> the benefit of HTTP/2 is loading smaller things earlier
No, the benefit of HTTP/2 is a lack of head-of-line blocking. Head-of-line blocking can be easily seen when big things block small things, but that's not what it is. What it is, is when something doesn't make progress because another thing is being waited for.
Imagine a multimedia container file-format where you can't interleave audio frames with video frames, but rather need to put the whole audio track first, or the whole video track first. This format would be unsuited to streaming, because downloading the first chunk of the file would only get you some of one track, rather than useful (if smaller) amounts of all the tracks required for playback. Note that this is true no matter which way you order the tracks within the file—whether the audio (smaller) or video (larger) track comes first, it's still blocking the progress of the other track.
HTTP/2 is like a streaming multimedia container format: it interleaves the progress of the things it loads, allowing them to be loaded concurrently.
This doesn't just mean that small things requested later can be prioritized over large things requested early (though it does mean that.) It also means that, for example, if you load N small Javascript files that each require a compute-intensive step to parse+load (GPU compute shaders, say), then you won't have to wait for the compute-heavy load process of the previous files to complete, before you begin downloading the next ones; but rather you can concurrently download, parse, and load all such script files at once. Insofar as they don't express interdependencies, this will be a highly-parallelizable process, much like serving independent HTTP requests is a highly-parallelizable process for a web server.
One benefit of HTTP/2's lack of head-of-line blocking, that would be more talked-about if we had never developed websockets, is that with HTTP/2, you get a benefit very much like websockets, just using regular HTTP primitives. You can request a Server-Sent Events (SSE) stream as one flow muxed into your HTTP/2 connection, and receive timely updates on it, no matter what else is being muxed into the connection at the same time. Together with the ability to make normal API requests as other flows over the same connection, this does everything most people want websockets for. So the use-case where websockets are the best solution shrinks dramatically (down to when you need a time-linearized, stateful, connection-oriented protocol over HTTP.)
> new protocol that sets in stone some heuristic
Note that there's actually no explicit specification of the order in which HTTP/{2,3} flows should be delivered. What I'm calling "content-oblivious round-robin chunk scheduling" is just the simplest-to-implement strategy that could possibly meet HTTP/2's non-head-of-line-blocking semantics (and so likely the strategy used by many web servers, save for the ones that have been highly-optimized at this layer.) But both clients and servers are free to schedule the chunks of HTTP flows onto the socket however they like. (They can even impose a flow concurrency cap, simulating browsers' HTTP/1.1 connection limit and starving flows of progress. It'd make the client/server a non-conformant HTTP/{2,3} server, but it'd still work, as what progress "should" be being made is unknowable to the peer.)

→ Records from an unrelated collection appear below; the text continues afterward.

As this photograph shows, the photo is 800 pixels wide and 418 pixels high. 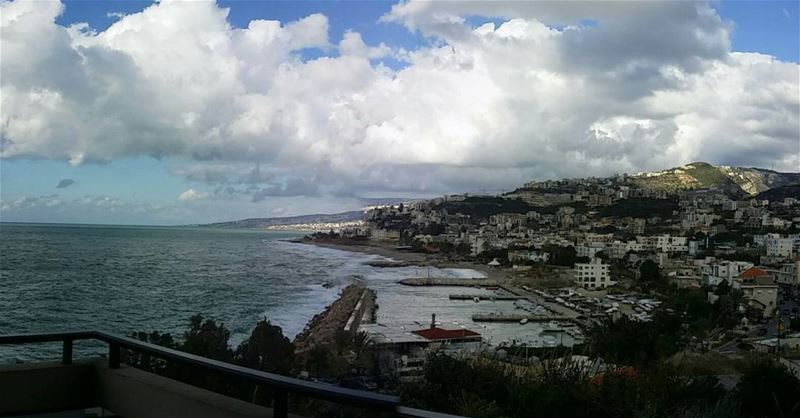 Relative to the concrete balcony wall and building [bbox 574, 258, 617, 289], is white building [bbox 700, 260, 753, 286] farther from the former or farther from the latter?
the concrete balcony wall

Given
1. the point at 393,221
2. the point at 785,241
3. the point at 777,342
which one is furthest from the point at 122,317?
the point at 393,221

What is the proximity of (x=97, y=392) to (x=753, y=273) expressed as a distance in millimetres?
27054

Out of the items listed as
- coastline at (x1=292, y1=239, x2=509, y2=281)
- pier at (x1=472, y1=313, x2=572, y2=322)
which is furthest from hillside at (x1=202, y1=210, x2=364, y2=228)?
pier at (x1=472, y1=313, x2=572, y2=322)

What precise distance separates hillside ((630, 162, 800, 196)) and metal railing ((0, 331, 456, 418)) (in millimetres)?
61218

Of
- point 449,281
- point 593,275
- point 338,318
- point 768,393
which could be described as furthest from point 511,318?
point 768,393

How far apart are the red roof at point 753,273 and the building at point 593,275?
26.4ft

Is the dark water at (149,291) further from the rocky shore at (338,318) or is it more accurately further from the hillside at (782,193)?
the hillside at (782,193)

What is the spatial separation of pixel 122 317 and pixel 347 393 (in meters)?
23.1

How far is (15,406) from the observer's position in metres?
2.54

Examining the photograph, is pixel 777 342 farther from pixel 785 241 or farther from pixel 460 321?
pixel 785 241

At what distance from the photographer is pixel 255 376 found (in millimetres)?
1789

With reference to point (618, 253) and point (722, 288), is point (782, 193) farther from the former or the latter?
point (722, 288)

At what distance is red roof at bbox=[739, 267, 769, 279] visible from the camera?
994 inches

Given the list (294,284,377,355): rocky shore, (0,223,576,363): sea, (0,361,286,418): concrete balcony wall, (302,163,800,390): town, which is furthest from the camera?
(0,223,576,363): sea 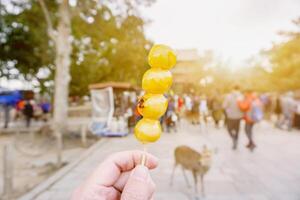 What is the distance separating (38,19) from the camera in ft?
70.4

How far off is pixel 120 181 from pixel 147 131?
0.25 metres

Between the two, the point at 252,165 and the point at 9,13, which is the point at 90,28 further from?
the point at 252,165

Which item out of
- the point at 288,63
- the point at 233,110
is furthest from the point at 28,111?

It's a bit like saying an OS or VM has a "soft real-time guarantee" for processes. Exactly how does the OS scheduler choose what process will run next on each core? Doesn't really matter. It only matters that processes don't break their "SLA" in terms of how long they go without being scheduled.
No, the benefit of HTTP/2 is a lack of head-of-line blocking. Head-of-line blocking can be easily seen when big things block small things, but that's not what it is. What it is, is when something doesn't make progress because another thing is being waited for.
Imagine a multimedia container file-format where you can't interleave audio frames with video frames, but rather need to put the whole audio track first, or the whole video track first. This format would be unsuited to streaming, because downloading the first chunk of the file would only get you some of one track, rather than useful (if smaller) amounts of all the tracks required for playback. Note that this is true no matter which way you order the tracks within the file—whether the audio (smaller) or video (larger) track comes first, it's still blocking the progress of the other track.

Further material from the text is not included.